A quick tour of the combined Spring Cloud / Netflix OSS microservice stack through some pretty terrible drawings, inspired by John Carnell’s book Spring Microservices in Action (the subject, that is, not the awful pictures)
Building well designed applications using microservices can require a great deal of maturity. Aspects such as service discovery, load balancing and gracefully handling failure are effectively mandatory, but can be painful to implement well.
Spring Cloud pulls together a number of well worn tools that help make a number of the core patterns of distributed systems simpler to wire up and manage. More specifically this can involve technology such as Consul, Zookeeper and the Netflix OSS stack.
We’ll now check out some of the patterns made available to you by utilizing Spring Cloud, and related tooling, through the medium of terrible drawings.
A ton of the functionality provided here is backed by the Netflix OSS stack. Service discovery, load balancing, fault tolerance and gateway routing features are all supporting by Netflix’s toolset, although the full stack does much more than this. In the picture below, I’ve marked out the specific libraries we’ll be checking out later, with a few notes as to their general purpose.

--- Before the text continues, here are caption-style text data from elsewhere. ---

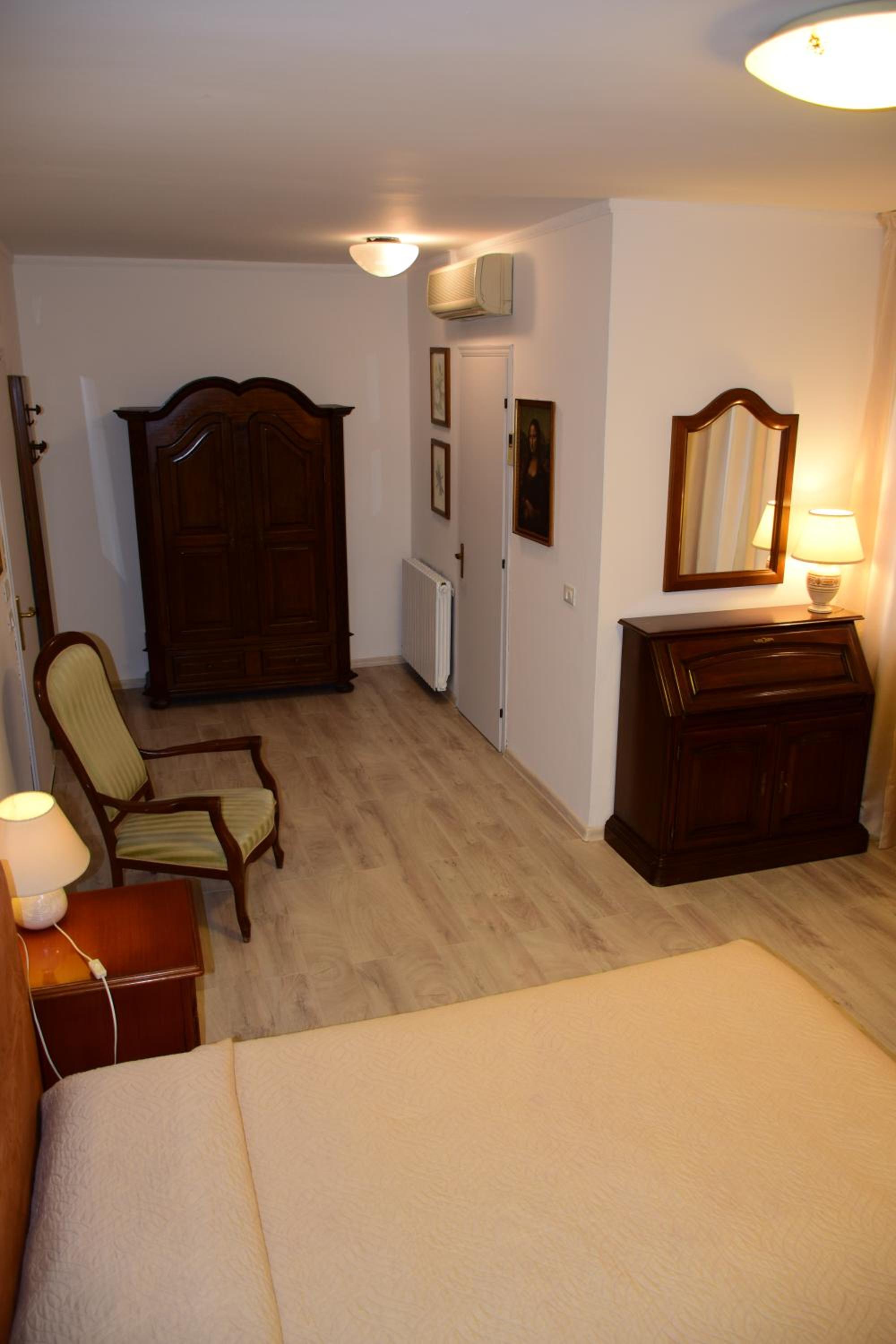 Double or Twin Room - Photo 6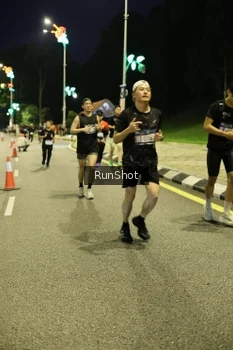 Runner Photo 4288487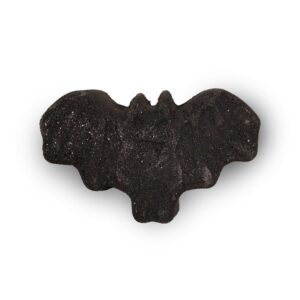 Bomba de baño con forma de murciélago negro con las alas abiertas y brillo plateado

Configuration Management with Spring Cloud
At the tail end of the last century, NASA sent an orbiter to Mars with the intention of surveying the red planet to understand its water history and to search for the traces of evidence to suggest that life had once existed there. The spacecraft arrived, after a grueling ten month journey, only for disaster to strike and it burn up in the Martian atmosphere after flying almost 105 miles closer to the planet’s surface then intended. The reason for this, it turned out afterwards, was due to a misunderstanding between two separate development teams as to the units of force used throughout the system. On one hand, propulsion engineers at Lockheed Martin had used their standard expression of force in pounds. However, in space engineering, the commonly used units are newtons, and NASA engineers hadn’t thought to question any mismatch when integrating components. One pound of force is around 4.45 newtons, providing enough of a difference to cause the disaster.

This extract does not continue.